Spring Onion is my discovery this growing season. Even though, it’s not at all difficult to buy spring onions in Dutch supermarkets, growing them has some plus points.
I don’t remember how I came up with the idea of planting this common ingredient of Vietnamese cuisine. It seemed like one day I watched a tutorial video on YouTube and BAM.
I followed the guide and put the white stalk with roots into a glass of water. The water needed changing every other day, and that’s what I did. They grew longer root and taller on the top. When Ian saw my glass, he suggested that I should put the spring onions in the soil as it surely would be better for the plant. He was right.
Soon enough, small pots of spring onion dotted around our garden. Instead of buying a bunch every week, I now only get supermarket spring onions if a recipe asks specifically for its white parts. My spring onion might not be as mighty, and in oversize as the one I get from Albert Heijn, the biggest supermarket chain here, but it tastes a lot better being freshly cut from my little balcony garden.
How to grow Spring Onion
You can start from seeds, but I haven’t tried that yet. It’s dead easy to grow spring onion from the stem, though.
Cut off about 8 cm of the white part, with roots, and put a few into a glass jar. Change the water once every two days, and you will soon see new growth. If you don’t have any outdoor space or don’t want to get involved with the messy soil, just keep them in the water and cut off the green parts when they come out.
Alternatively, you can put the stems directly into the soil. There’s no need to use a big pot or space the stems out. I often use a 10-cm container for four stems. They grow perfectly fine. I just cut off the new green now and then and keep each pot going for a few months. They can also take negligence. I don’t have to worry about water them all the time or set up a watering system when I am away for a week or so.

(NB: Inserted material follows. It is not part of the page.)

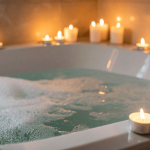 Terapi Berendam Air Hangat untuk Kesehatan Tubuh dan Pikiran Terapi Berendam Air Hangat untuk Kesehatan Tubuh dan Pikiran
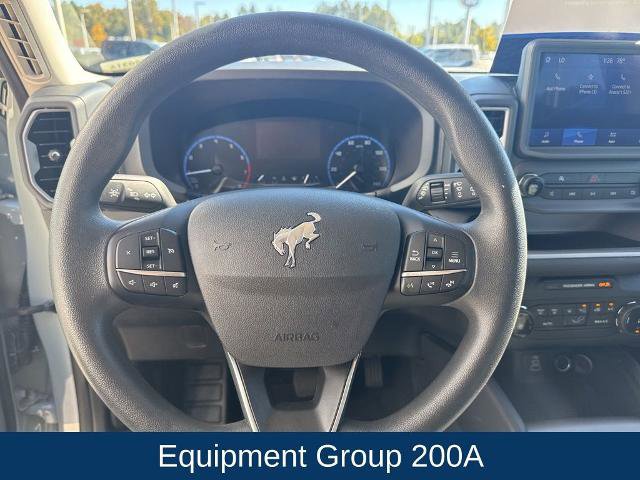 Certified 2024 Ford Bronco Sport Big Bend image 14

As I said before, it’s rather simple.
Using Spring Onion
We Vietnamese put spring onion into most dishes. Pho has spring onions. Same goes for most noodle soups. Stir fries either start with frying the white part of spring onion or finish with finely-chopped green pieces.
Bonus: Thanks to its strong smell, spring onion plant can be used to scare off some bugs and insects. If you have a few containers, space them out all over your garden.